If the list is a query, the campaign is a system that watches the world. The reps work the leads the system surfaces. The system gets better over time, not the copy.

What we’re still figuring out

I don’t want to oversell any of this. There are real limits.

The cost of running website-level enrichment across millions of companies is still not zero. You have to be careful about where you spend it. You can’t enrich the entire universe. You enrich the slice where the query already has signal. That means the old industry filter is still useful as a coarse first cut. You just don’t end the search there anymore.
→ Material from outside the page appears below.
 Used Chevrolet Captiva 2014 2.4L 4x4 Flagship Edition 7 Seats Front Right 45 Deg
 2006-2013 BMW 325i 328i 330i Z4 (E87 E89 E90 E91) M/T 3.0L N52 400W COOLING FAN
There’s also a judgment problem. When the filter gets that specific, it’s easy to over-narrow. You can write a query so precise that it returns four companies, all of which are real, none of which are worth contacting. The art is in writing a query specific enough to mean something but broad enough to surface a list a team can actually work.

And the agents-running-the-queries part is still early. The lookalike filter taking a 5,000-character description works. But the muscle of writing a good description, knowing what to put in it and what to leave out, is the new skill we’re all about to need. The companies that get good at that will outcompete companies that just have a better database, because the database stopped being the differentiator a while ago.

I’ve been thinking about what the rep job looks like when the list is a query. I don’t have a clean answer yet. The shape of it, though, is that the highest-leverage thing a salesperson does is no longer running a sequence. It’s writing the right query.

The list, finally, gets to be the campaign.